The basis for Malema's argument rests on the inspiring clause in the Freedom Charter: "The People Shall Share In The Country's Wealth!" It asserts that: "The national wealth of our country, the heritage of all South Africans, shall be restored to the people; The mineral wealth beneath the soil, the banks and monopoly industry shall be transferred to the ownership of the people as a whole..."

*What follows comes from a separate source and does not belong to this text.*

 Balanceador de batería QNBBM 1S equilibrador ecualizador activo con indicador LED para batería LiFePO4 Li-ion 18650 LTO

Some comrades have tried to argue against Malema on the grounds that the Freedom Charter nowhere actually uses the word "nationalisation". This is literally true, but frankly it's not a very convincing argument. As Malema himself puts it: "They are talking English, not politics." Anyone who has the remotest acquaintance with the mid-1950s, the period in which the Freedom Charter was formulated and adopted, would realise that it was the heyday of nationalisation - not just in post-war Eastern Europe and China, but also throughout most of Western Europe, Latin America, and newly de-colonised countries like India and Egypt. (It was also a period, by the way, in which the apartheid regime was consolidating an extensive state-owned sector). The framers of the Freedom Charter were almost certainly thinking of some kind of nationalisation as a MEANS to ensuring ownership by "the people as a whole".

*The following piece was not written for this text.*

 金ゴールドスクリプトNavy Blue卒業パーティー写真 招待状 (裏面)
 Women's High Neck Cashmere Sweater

The people (not the government) shall govern!

But if it is misleading to de-contextualise the Charter from its history, it is also misleading to de-contextualise some sentences in the Charter from the Charter's overall thrust. In particular, it is critical to connect all other clauses of the Freedom Charter to the very first clause: "The People Shall Govern!" This first clause is very instructive when we consider the subsequent economic clause. The people shall govern clause refers to four inter-related dimensions of popular democracy:

  • electoral democracy, the right of all to vote (and to stand for election);
  • administrative democracy - the democratisation of the state apparatus;
  • constitutional democracy - equal rights for all, "regardless of race, colour or sex"; and
  • (absolutely central to everything else) participatory democracy through the consolidation of organs of popular power - or what the Freedom Charter refers to as "democratic organs of self-government".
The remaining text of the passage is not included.